— EXERCISE AIM —
Leave every image out, and print the remaining lines below exactly.

ENTRIES SHOWN Block Start

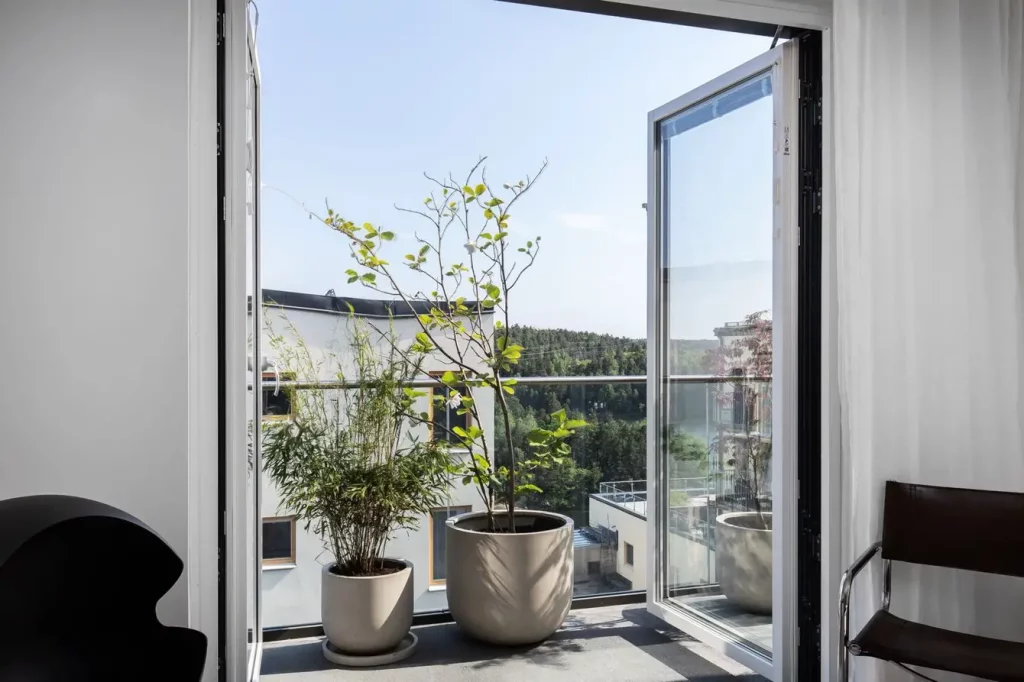 plantes sur la terrasse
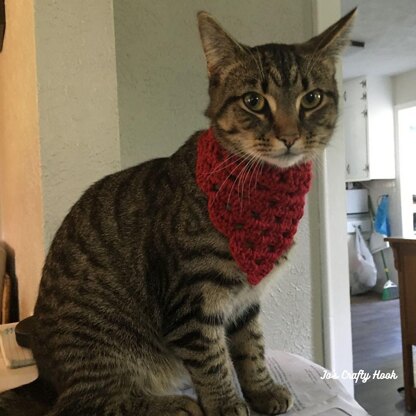 Pet Bandana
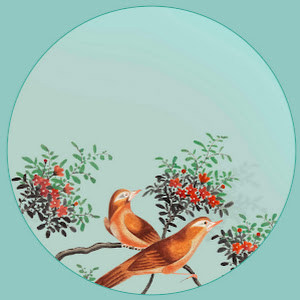 תמונת משתמש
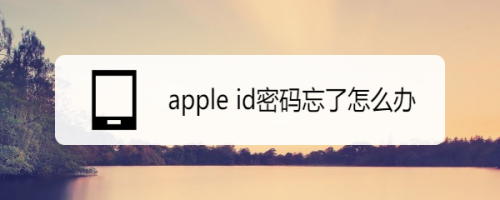 apple id密码忘了如何处理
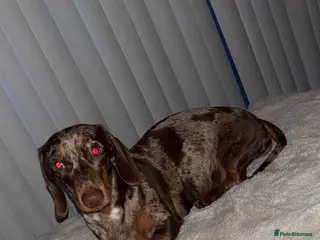 Dachshund dogs Miniature dashounds - Advert 1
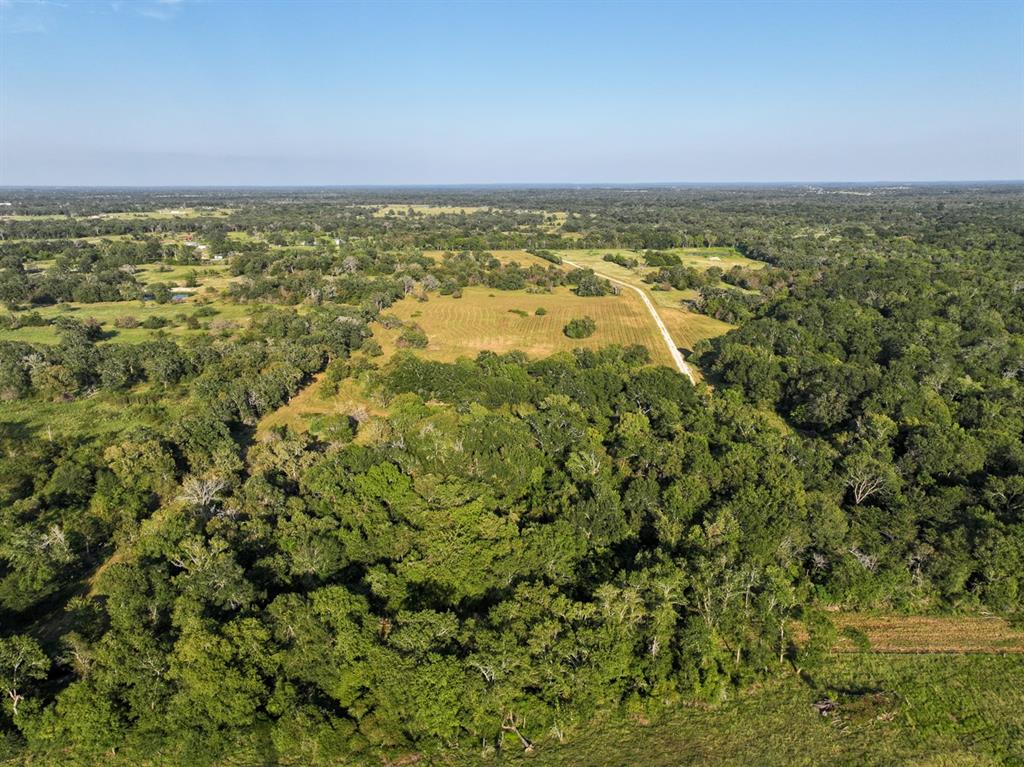 6346 Bethel Cemetery Road Rd, North Zulch, Texas image 9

ENTRIES SHOWN Block End

— WORKED SOLUTION —
 plantes sur la terrasse
 Pet Bandana
 תמונת משתמש
 apple id密码忘了如何处理
 Dachshund dogs Miniature dashounds - Advert 1
 6346 Bethel Cemetery Road Rd, North Zulch, Texas image 9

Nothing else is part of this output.